The Bronze Medal goes to …………
Nothing best than the subway when you don’t have kids, nothing worst when you do. At least, when it comes to the oldest stations in London, Paris, New York, Milan. The first lines in Europe date back to the late XIX century: this is why, at least in London and Paris, some stations are masterpieces of architecture. But, of course, back then you wouldn’t have expected to have mechanical stairs and elevators to facilitate strollers and wheel chairs. The newest lines and some bigger stations underwent works to include these facilities. Still, the central areas, where the underground railways arrived first, are normally served by low-accessibility stations . On our first trip to London as parents, we took
the subway the tuuuuube (oh, and no elevators there: just lifts) on day one. I swear I repent not to have attended some crossfit classes before we did. We experienced a three-leg journey to visit Camden market, Tower Bridge area and back to our Airbnb. Of course, I had faced the very complexity of the whole “subway with a baby” thing in Milan, where we are currently based: though I have the chance of being close to the nineties-built yellow line, which has elevators at every station, I have been avoiding it. Still, in London we thought that being the two of us would have made it very easy. Plus, when you are on vacation you tend to overestimate your physical resilience, at least I do. Here is what you can expect from the beginning to the end of a day commuting underground.
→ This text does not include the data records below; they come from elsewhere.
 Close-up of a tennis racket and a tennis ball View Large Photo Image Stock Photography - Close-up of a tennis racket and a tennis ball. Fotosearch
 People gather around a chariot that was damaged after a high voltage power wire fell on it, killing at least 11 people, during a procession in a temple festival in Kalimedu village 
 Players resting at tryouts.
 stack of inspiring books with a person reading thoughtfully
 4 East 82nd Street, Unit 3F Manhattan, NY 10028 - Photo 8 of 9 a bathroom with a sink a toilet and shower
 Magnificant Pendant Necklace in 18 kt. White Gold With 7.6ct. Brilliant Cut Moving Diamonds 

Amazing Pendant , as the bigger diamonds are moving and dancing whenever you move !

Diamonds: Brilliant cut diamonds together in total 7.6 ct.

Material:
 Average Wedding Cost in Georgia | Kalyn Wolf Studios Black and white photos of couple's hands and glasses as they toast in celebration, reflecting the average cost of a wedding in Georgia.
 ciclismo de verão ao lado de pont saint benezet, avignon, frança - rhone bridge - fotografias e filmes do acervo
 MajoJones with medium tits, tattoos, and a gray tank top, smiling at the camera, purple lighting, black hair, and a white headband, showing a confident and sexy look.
First trip: from Westminster to Camden Town via Embankment. We were freshly starting our day, off in London. It wasn’t raining, which is quite something. And, we had just had one of those rich breakfast that in Italy you cannot even dream of. Last but not least: the night before we had found some baby food that Princess was appreciating. That was just
great eehhmmm gorgeous!! We arrived at Wenstminster station full of energy and in such a positive mood that we didn’t realized we could take the elevator on the street to get to the platform. So, we began our marathon of steps, until we were almost arrived to the train, when a clerk kindly pointed out the elevator “You might use the lift, Ma’am”. “Wow, thank you”. It goes without saying that when we changed at Embankment for the black line, we found out that the station is not served by facilities. So, we began our day with a considerable amount of steps, while, by the way, Princess was sleeping a siesta as if nothing was going on. Already panting a bit, but still in a very positive mood, I’d categorize this first trip between “It’s easy, just a few steps” and “S**t, I might have taken the baby carrier, but no problem. Bye, bye, baby belly, yeah!”. If you carefully look up on the internet, you find information about accessibility at any station. If you don’t want to end up like we did, do check this link in advance .
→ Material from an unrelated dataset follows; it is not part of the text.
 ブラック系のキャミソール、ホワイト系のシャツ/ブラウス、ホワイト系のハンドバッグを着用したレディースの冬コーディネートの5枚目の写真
Second trip: Mornington Crescent to London Bridge. After having fun and shopping in Camden market, we had the great idea of heading to London Bridge. By tube. After having our Sunday lunch in a pub and a couple of pint of stout. The nearest station at that point was Mornington Crescent. The station was not working for strollers that day, because the mechanical stairs were out of work. We’d have been allowed in only if we could fold the pushchair and carry Princess in our arms. I guess we are watching too many American movies, or I had had too much beer, but at that point I began to have troubles in understanding the British accent. We told her that we could manage without folding the stroller as it is a two-piece equipment, but the subway clerk was very strict: she didn’t let us carry Princess, or any other child, on a stroller down the stairs. She warmly suggested to reach Euston station on foot. In that very way that you cannot say no. It turned up to be at a quarter of an hour far away, but indeed the station there has the elevator and we could finally reach London Bridge easily. We were in the area between “My parent and mother and woman rights are being violated” and “Jeeee, I wanna go back to the pub”. I have to say: in the afternoon we went up the Shard building, in the London Bridge area. This is very baby friendly and totally worth it. Note to self: as your baby is growing older, say as she/he can sit, it is a good idea to consider an extra investment and get a light stroller that you can use for travelling only. One of those models that fold easily and even fit in the overhead compartment of the plane: in this specific case, for example, we wouldn’t have lost time going to the other station. I’m looking for my deal now that Princess doesn’t need to lay all the time! Here you find a nice overview about models and prices.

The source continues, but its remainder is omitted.